_EXERCISE DETAILS_
Once you reach the line containing "this 1456×819 image.", copy it and every line after it exactly, through the end of the data below.

(Stored entries)
____

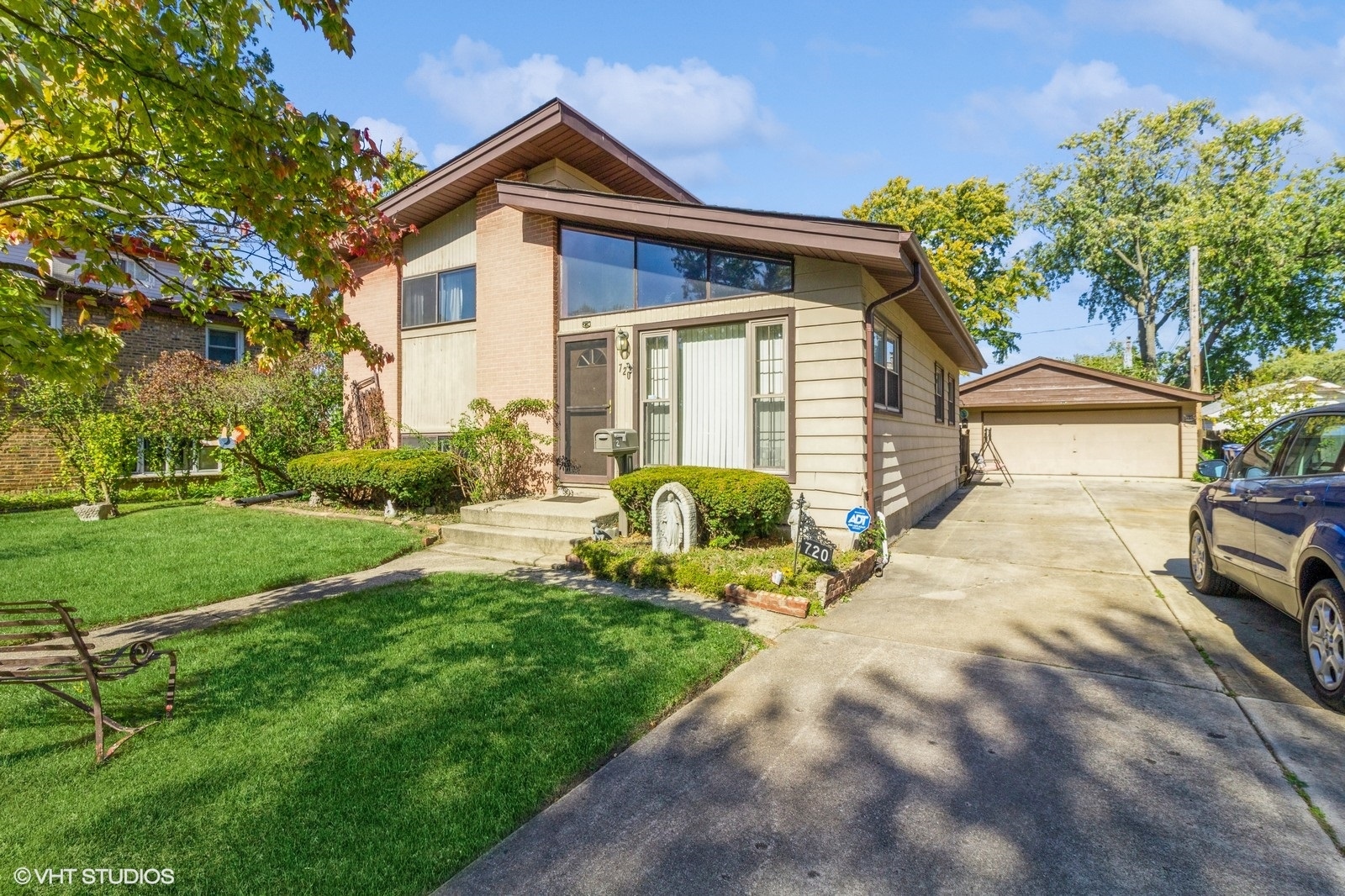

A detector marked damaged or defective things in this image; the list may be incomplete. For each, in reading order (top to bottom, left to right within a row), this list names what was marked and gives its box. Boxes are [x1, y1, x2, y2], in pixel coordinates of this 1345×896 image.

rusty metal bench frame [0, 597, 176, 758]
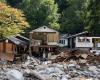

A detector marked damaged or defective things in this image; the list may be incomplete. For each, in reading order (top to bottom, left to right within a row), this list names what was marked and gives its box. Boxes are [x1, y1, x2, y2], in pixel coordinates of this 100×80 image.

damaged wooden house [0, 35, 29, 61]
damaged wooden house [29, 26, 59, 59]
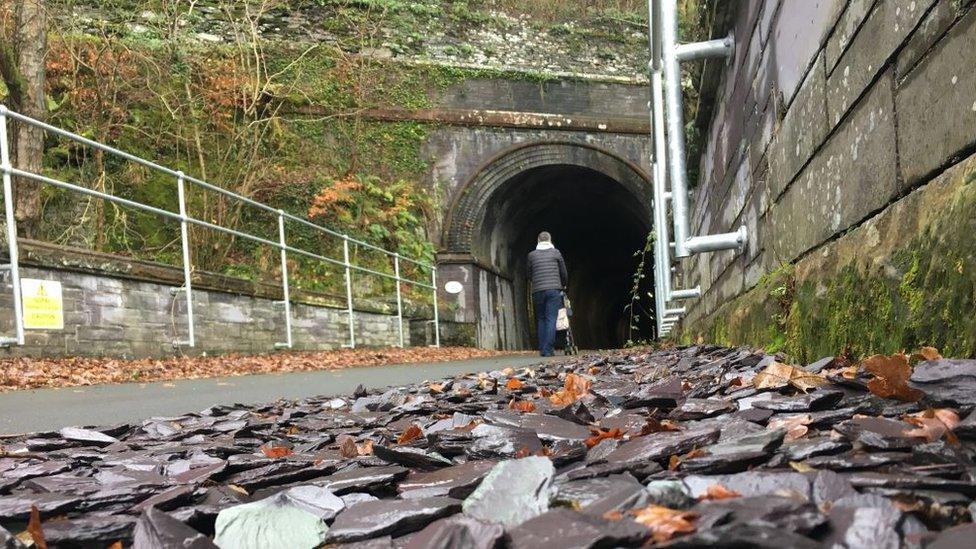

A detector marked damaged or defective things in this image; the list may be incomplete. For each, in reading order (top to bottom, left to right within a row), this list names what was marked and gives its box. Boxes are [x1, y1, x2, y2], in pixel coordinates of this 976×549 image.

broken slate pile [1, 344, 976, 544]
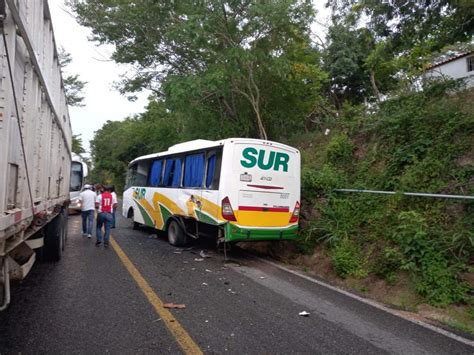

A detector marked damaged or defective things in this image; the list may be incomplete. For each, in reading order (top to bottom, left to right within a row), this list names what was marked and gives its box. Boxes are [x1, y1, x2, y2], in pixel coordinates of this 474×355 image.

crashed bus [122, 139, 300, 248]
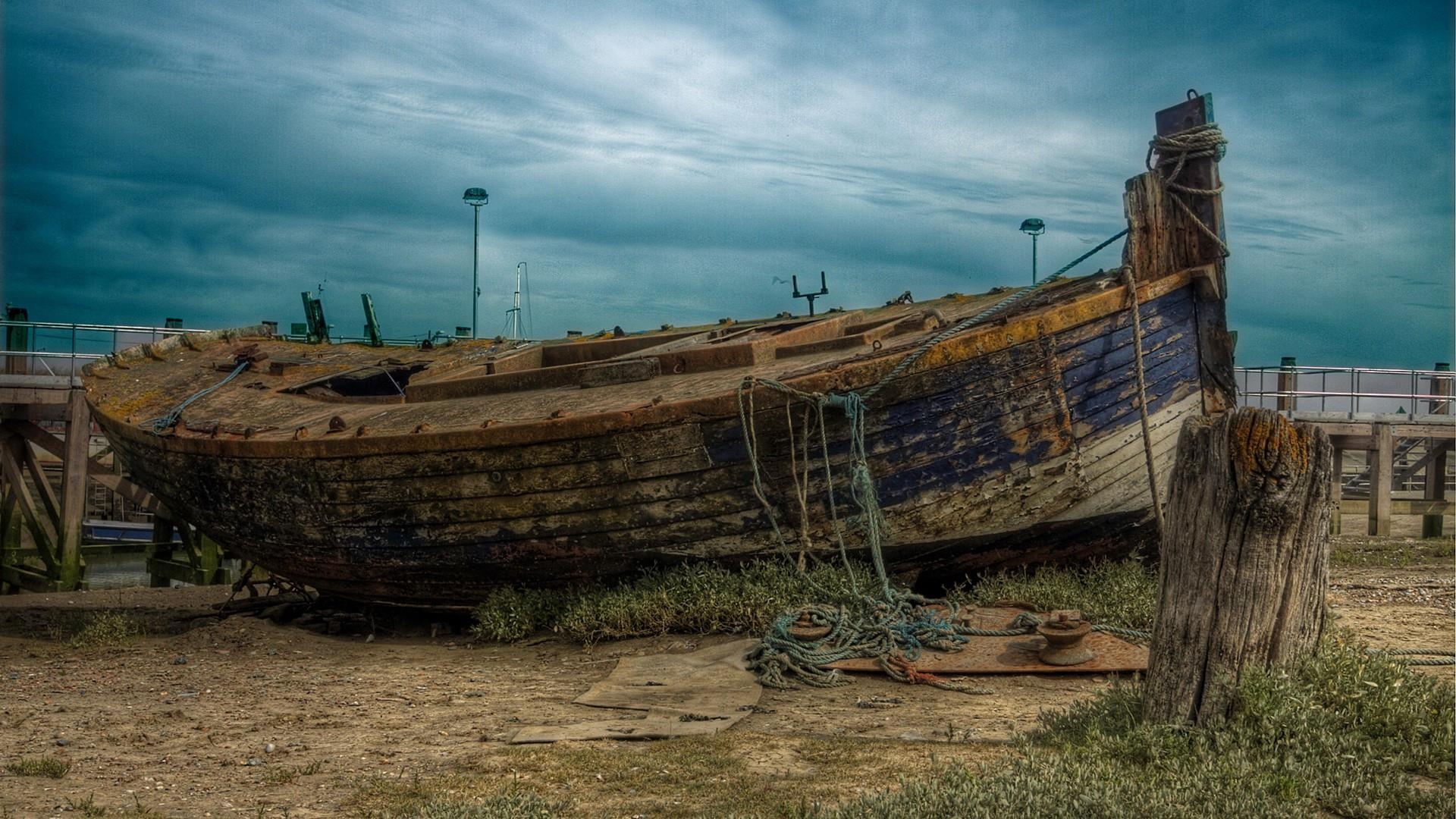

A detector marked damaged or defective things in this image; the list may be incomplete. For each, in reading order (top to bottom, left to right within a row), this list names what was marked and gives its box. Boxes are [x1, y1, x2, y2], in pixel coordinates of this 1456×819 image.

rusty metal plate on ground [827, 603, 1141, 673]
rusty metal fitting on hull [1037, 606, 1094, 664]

____

_ANSWER TO THE PROBLEM_
A detector marked damaged or defective things in this image; the list may be incomplete. For each, in reading order (top to bottom, left to right within a row), this list names what was marked and gives its box. Boxes are [x1, y1, x2, y2], in pixel coordinates of this 1456×819 image.

rusty metal plate on ground [827, 603, 1141, 673]
rusty metal fitting on hull [1037, 606, 1094, 664]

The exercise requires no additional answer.